Massaro conta que seu projeto começou quando comprou um fone de ouvido sem fio e descobriu que causava câncer. Sem saber o que fazer com ele, vendeu e passou a se sentir culpado e questionar desde sua índole até a sociedade. Inspirado numa entrevista da cineasta Agnès Varda, o cineasta filmou no próprio bairro, prédio, academia, ruas que frequenta, e se diz feliz com a maneira como a obra gera reflexões sobre o capitalismo. Assumido como uma crítica do realizador à si mesmo e ao egoísmo em geral, o curta, na intenção de Johnny, conduz ao pensamento de como sair dessa situação e do que estamos esperando para mudar.

Uma obra, portanto, urgente. Assim como Rolê, adjetivado desta maneira pela moderadora do debate. Desdobramento do curta Hiato, feito por Vladimir em 2008 e que revisita uma polêmica ocupação realizada em 2000 no shopping Rio Sul, o documentário busca correlacionar diversos atos do tipo ao longo da história nacional. Segundo o realizador, o foco é nas vidas das pessoas pretas e no rolê como ato extraordinário de afrontar e confrontar. A construção narrativa foi fabulada junto com os personagens principais e os três ofereceram seus depoimentos a respeito da experiência.

Jefferson Luis, apontado como uma espécie de líder pioneiro da onda rolezeira de 2013, lembra que cinco mil pessoas compareceram ao passeio nº1 convocado por ele e que a ideia era circular sem medo e lutar pela presença naquele espaço.
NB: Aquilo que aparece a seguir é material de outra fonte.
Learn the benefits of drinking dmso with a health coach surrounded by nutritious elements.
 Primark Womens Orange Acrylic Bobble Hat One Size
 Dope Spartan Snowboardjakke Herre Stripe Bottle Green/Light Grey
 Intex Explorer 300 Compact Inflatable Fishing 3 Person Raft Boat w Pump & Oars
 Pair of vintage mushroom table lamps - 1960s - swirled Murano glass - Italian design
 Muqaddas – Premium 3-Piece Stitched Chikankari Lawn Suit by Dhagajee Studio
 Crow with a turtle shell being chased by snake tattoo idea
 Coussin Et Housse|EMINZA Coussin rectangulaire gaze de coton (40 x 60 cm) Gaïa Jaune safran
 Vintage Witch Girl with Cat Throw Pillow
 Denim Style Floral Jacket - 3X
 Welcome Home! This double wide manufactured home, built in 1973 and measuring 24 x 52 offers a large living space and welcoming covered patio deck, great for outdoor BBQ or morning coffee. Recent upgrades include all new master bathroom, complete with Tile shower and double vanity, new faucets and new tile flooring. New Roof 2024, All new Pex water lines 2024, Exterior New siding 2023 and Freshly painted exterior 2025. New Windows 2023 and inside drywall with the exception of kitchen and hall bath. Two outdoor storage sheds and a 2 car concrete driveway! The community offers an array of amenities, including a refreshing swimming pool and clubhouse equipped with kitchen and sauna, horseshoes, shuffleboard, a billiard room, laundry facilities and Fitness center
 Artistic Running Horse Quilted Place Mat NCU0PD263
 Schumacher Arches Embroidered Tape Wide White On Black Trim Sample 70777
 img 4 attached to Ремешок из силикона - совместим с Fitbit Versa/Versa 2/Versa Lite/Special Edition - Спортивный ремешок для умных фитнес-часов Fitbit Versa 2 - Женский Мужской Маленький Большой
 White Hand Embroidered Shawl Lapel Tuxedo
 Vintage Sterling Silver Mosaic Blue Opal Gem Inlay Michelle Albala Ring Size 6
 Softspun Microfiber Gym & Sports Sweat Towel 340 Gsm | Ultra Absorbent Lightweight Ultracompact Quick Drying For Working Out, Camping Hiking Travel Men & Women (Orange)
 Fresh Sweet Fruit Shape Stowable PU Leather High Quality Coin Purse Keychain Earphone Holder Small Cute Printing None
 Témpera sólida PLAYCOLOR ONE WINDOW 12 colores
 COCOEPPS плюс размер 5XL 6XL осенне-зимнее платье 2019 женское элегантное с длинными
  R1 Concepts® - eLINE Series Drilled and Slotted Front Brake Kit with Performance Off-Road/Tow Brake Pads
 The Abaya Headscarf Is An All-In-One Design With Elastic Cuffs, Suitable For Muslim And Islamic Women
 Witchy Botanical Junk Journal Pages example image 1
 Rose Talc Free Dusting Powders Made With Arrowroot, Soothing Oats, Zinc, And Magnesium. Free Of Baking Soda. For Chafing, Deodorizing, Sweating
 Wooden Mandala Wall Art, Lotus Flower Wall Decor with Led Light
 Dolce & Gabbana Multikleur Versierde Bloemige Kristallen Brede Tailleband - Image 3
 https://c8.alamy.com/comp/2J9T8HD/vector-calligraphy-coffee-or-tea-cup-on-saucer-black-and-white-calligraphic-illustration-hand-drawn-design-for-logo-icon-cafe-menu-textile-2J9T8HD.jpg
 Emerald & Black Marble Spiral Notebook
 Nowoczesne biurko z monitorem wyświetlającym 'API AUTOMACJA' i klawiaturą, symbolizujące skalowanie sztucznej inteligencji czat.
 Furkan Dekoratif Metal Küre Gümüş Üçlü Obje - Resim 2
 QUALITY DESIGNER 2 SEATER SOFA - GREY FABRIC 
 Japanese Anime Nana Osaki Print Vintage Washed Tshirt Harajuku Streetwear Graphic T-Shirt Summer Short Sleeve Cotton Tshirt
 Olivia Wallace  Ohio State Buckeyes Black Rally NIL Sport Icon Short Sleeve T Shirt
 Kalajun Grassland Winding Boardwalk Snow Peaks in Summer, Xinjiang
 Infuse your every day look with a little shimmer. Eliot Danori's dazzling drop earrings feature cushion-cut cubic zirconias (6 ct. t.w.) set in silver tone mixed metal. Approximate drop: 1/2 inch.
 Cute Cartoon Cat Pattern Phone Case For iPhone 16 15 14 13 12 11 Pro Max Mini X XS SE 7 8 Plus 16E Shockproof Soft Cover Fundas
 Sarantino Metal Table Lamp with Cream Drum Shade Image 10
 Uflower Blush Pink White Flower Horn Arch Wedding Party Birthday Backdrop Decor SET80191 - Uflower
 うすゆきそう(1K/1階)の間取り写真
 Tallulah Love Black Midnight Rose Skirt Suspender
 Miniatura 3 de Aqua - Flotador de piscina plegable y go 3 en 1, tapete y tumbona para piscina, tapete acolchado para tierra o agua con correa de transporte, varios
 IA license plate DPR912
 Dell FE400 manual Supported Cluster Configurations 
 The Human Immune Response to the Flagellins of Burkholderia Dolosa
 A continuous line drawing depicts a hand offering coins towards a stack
O jovem critica a forma como a mídia categorizou negativamente os protestos e manipulou até sua imagem, pedindo pose de mau nas fotos, por exemplo. "Esse filme foi a melhor coisa que consegui fazer na minha vida, porque não é só por mim, é pelos jovens, as pessoas da quebrada, de classe baixa...", afirma Jefferson, bastante emocionado.

Thayná Trindade comenta sobre a filha, que também aparece na produção, notando como é uma criança que cresceu entendendo a própria estética, valorizando o cabelo crespo, sem ter de passar por processos agressivos de alisamento e transformação que eram comuns em gerações anteriores. Thayná sofreu ataques racistas por parte de um vendedor num shopping em Niterói e Rolê registra uma performance responsiva feita por mulheres negras no mesmo local tempos depois. A ação foi coordenada pela artista mineira Priscila Rezende, que fazia a tal performance, chamada Bombril, desde 2010. O ato de esfregar o cabelo crespo em utensílios domésticos metálicos choca e explicita o absurdo da cena e da ofensa corriqueira, ela detalha, reiterando que os negros ainda são objetificados e subalternizados na sociedade e que os comentários nunca são "só uma piada". "Não é vitimização [...]. Nossa realidade é essa, não somos bem-vindos nos lugares", diz Priscila, que menciona por fim que quem não vive isso não consegue entender o que é a perseguição e vigilância em todos os espaços.